Avere vent’anni: MOONSORROW – Kivenkantaja

Kivenkantaja è un ulteriore tassello che muove un pochino più avanti la musica dei Moonsorrow, in cui si passa dalla semplice raccolta di canzoni alla storia unitaria musicata in vari atti. Tutto è più omogeneo del precedente e, nonostante ci siano passaggi ancora genuinamente cafoni, tra fisarmoniche, flauti, campanellini e tastiere Bontempi ipertrofiche (che su Jumalten Kaupunki rischiano seriamente di far saltare il banco), si percepisce chiaramente il senso fiabesco e malinconico della storia del portatore di pietre, che lascia intravedere con chiarezza delle potenzialità espressive che vanno al di là della musica da sagra di paese. Raunioilla e l’omonima sono fantastiche, al punto da essere state poi spesso riproposte nei concerti, e tutto l’album è pervaso di melodie malinconiche fino al coronamento conclusivo di Matkan lopussa, struggente finale liberamente ispirato a un canto popolare russo.

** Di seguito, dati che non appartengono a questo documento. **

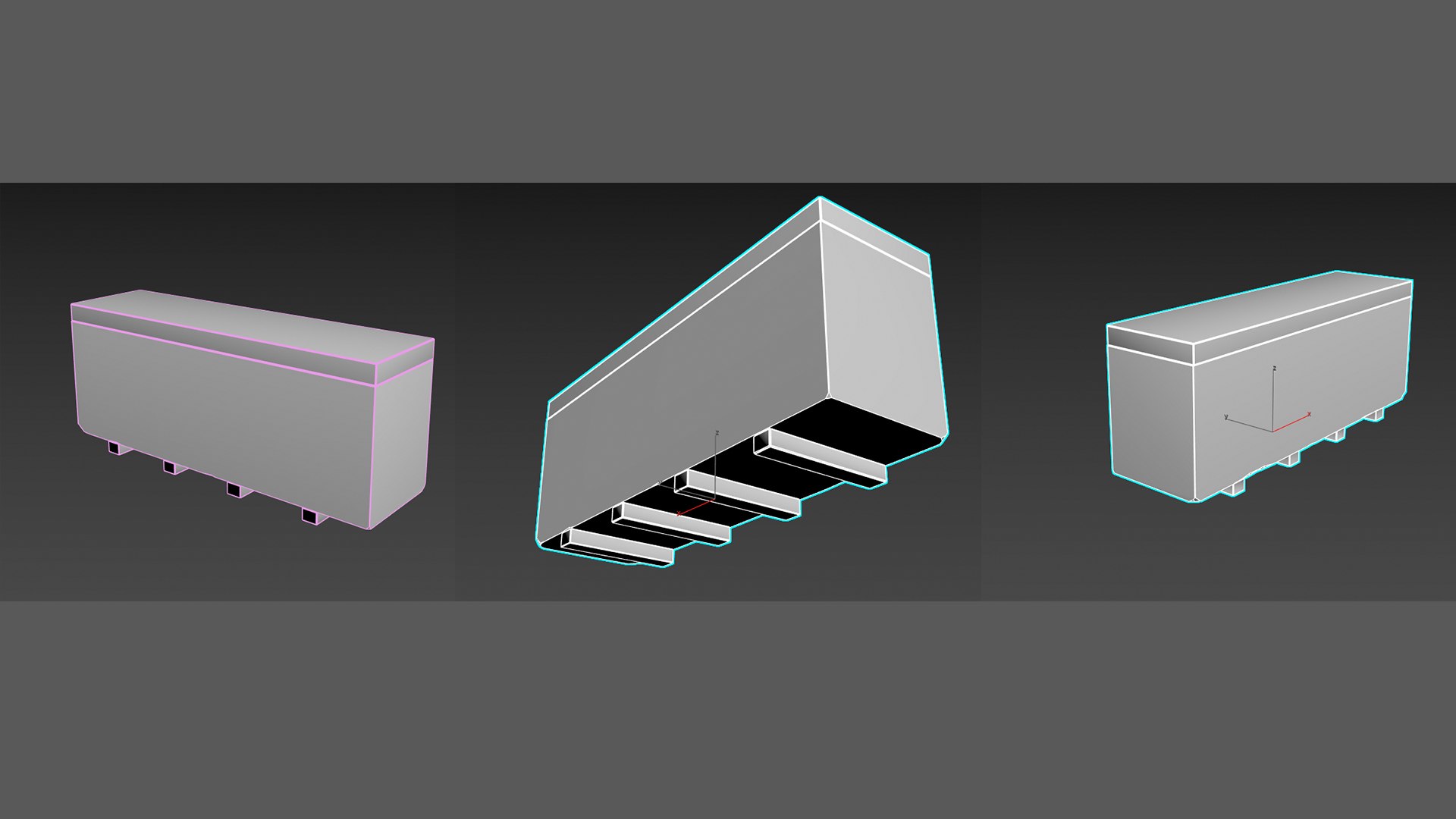 egyptic coffin model https://p.turbosquid.com/ts-thumb/hD/OEWVpz/on/wire/jpg/1735988688/1920x1080/fit_q87/774298a28024017d44f2fec89d9ec787ccc58472/wire.jpg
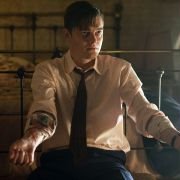 Brighton Rock - galeria zdjęć - filmweb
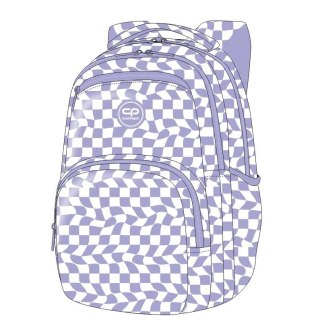 Plecak CoolPack YOGHURT Pick Patio (F099887)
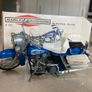 Harley Davidson Electra Glide Image 3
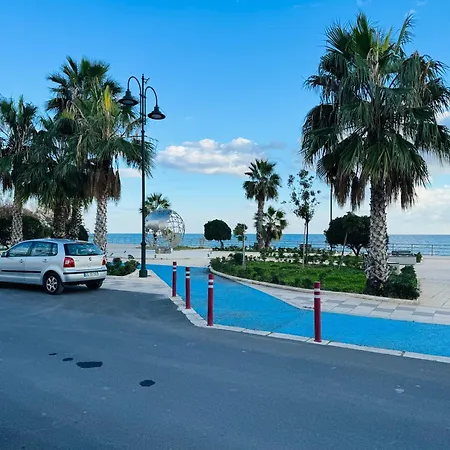Sea Beach Pozzallo-2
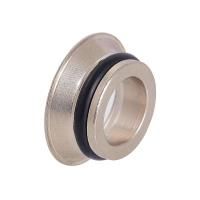 Адаптер для коллектора Valtec евроконус-плоскость 3/4"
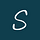 Signaturit Tech Blog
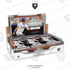 2025 Topps Tribute Baseball Hobby Box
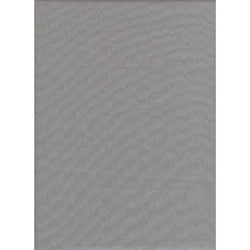 PRO BACKDROP 10x20 - SOLID GRAY (1905)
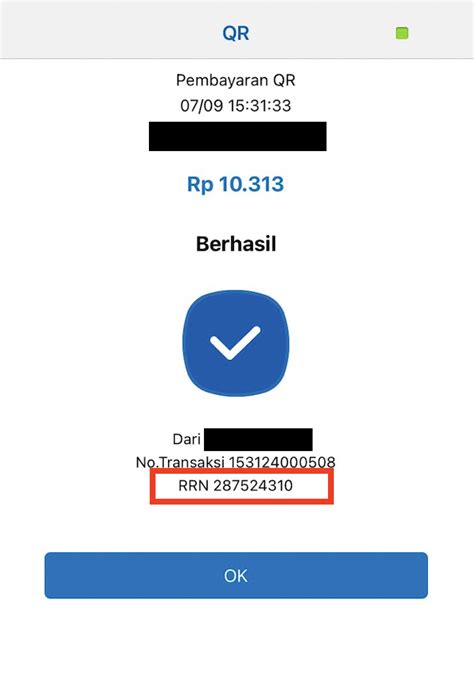 Sertifikat, penghargaan, tanda, atau dokumen yang dipajang di id roblox saya - Kunjungi link pembayaran OVO Kode unik ShopeePay peluang usaha super
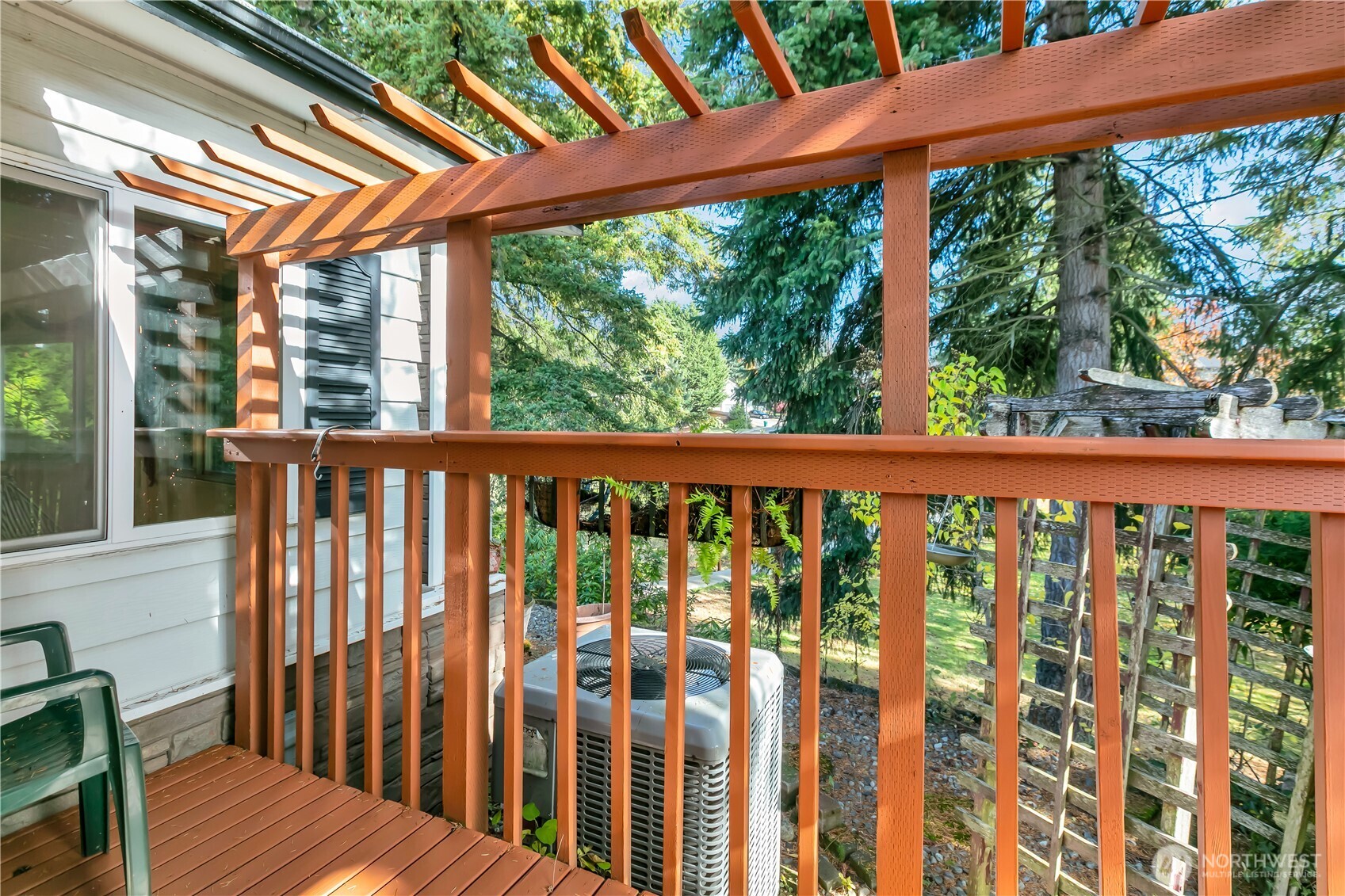 2500 S 370th Street Federal Way WA 98003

Si ricordi infine che Kivenkantaja è l’album della pietra. Quella pietra in copertina fu oggetto di un aneddoto raccontato dal chitarrista, secondo il quale all’epoca volevano assolutamente ritrarre una pietra runica vera per l’immagine del disco. Del resto se in gioventù prendi molto sul serio questa cosa della mitologia e del metal pagano è giusto non scendere a compromessi riguardo a nulla. I tuoi riferimenti saranno i Windir, i Bathory, Burzum, ma non basta mettere i riferimenti ai capisaldi del genere, hai bisogno di una fottuta pietra runica VERA da mettere in copertina. Allora cerchi di convincere l’etichetta che c’è realmente bisogno di quella cosa e quelli ti rispondono: “Va bene signori Moonsorrow, avrete la vostra pietra runica per la copertina”. E allora la ordinano da un artigiano e, quando arriva il camion con LA pietra runica, arriva anche IL problema: scaricarla e trasportarla.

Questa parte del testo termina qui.